## Data
══════════

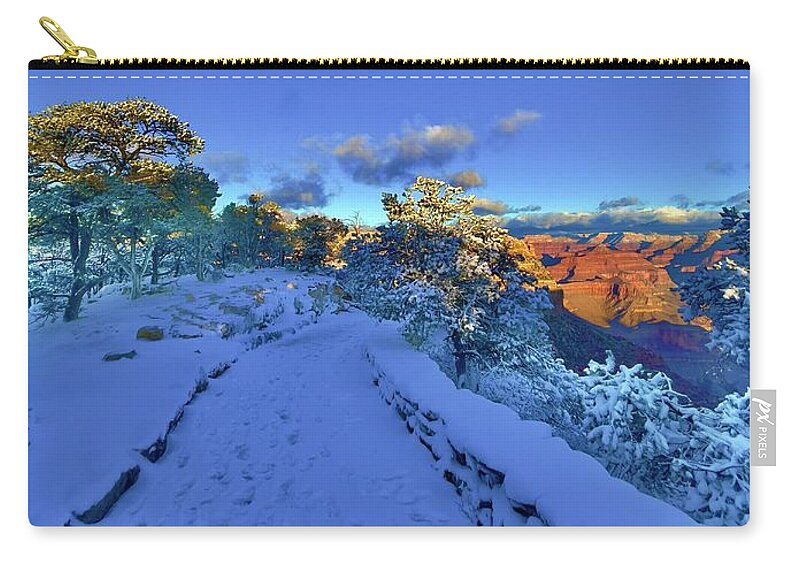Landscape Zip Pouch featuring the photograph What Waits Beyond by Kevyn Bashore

══════════

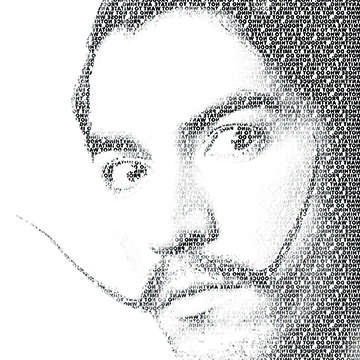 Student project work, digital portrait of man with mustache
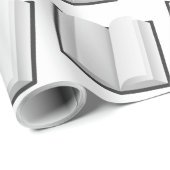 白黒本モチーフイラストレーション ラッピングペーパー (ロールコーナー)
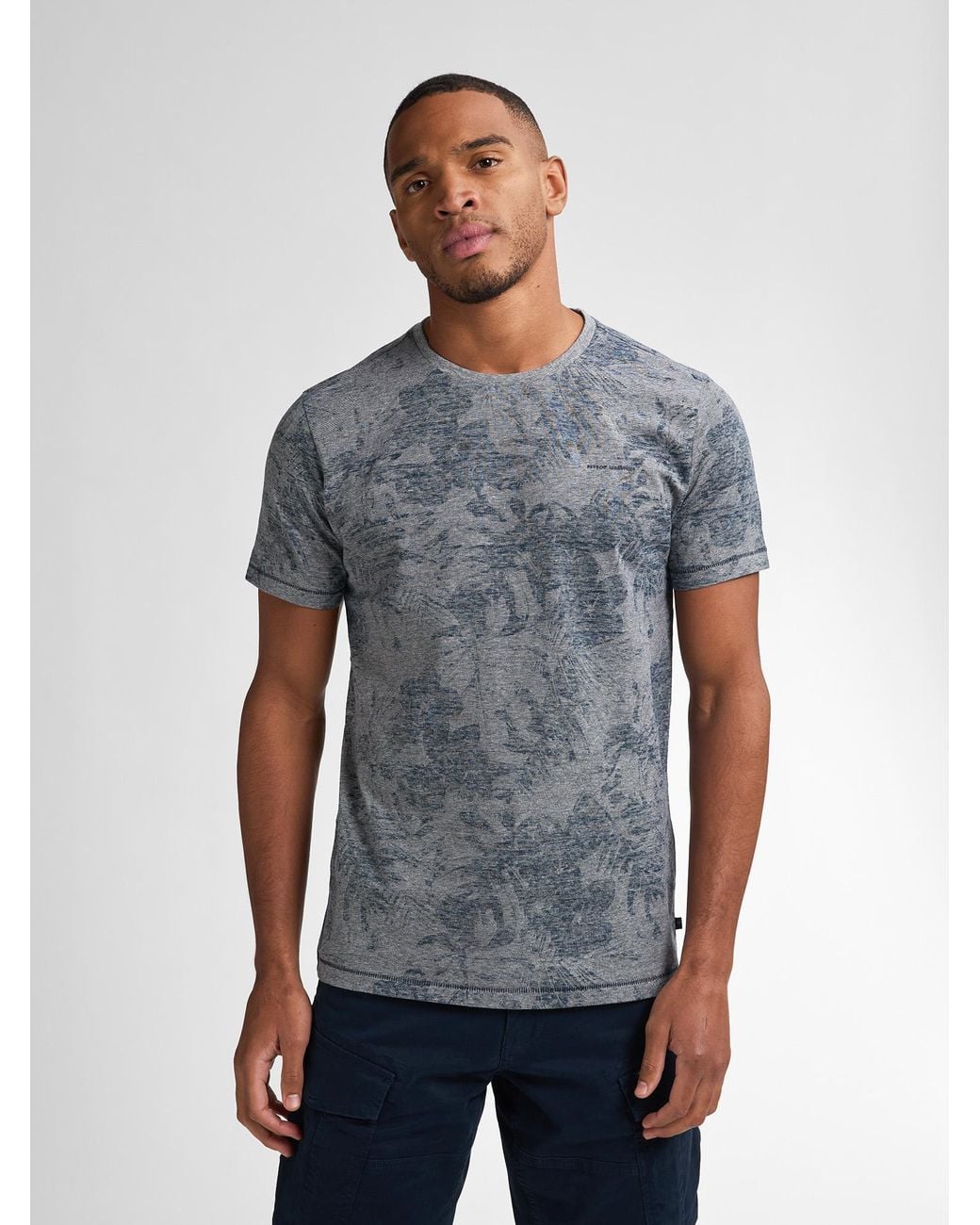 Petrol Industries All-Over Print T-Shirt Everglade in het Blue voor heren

══════════

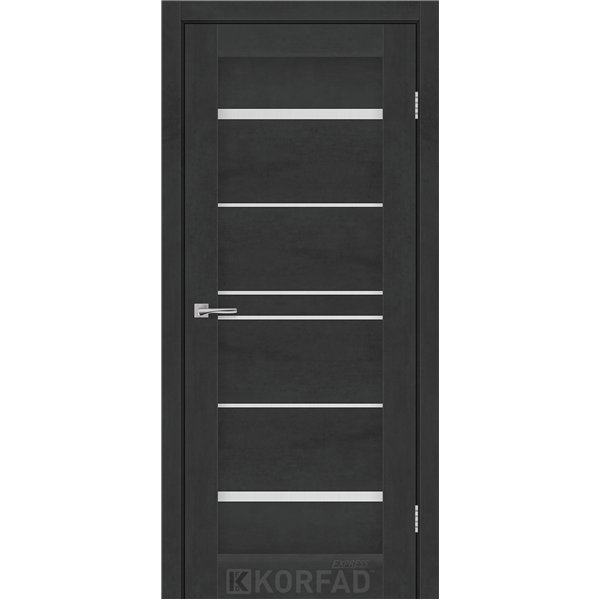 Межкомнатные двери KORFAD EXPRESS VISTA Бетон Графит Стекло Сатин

══════════

## Activity
Output exactly the lines above, from the line with "白黒本モチーフイラストレーション ラッピングペーパー (ロールコーナー)" to the line with "Petrol Industries All-Over", both included; skip the pictures.

## Answer
 白黒本モチーフイラストレーション ラッピングペーパー (ロールコーナー)
 Petrol Industries All-Over Print T-Shirt Everglade in het Blue voor heren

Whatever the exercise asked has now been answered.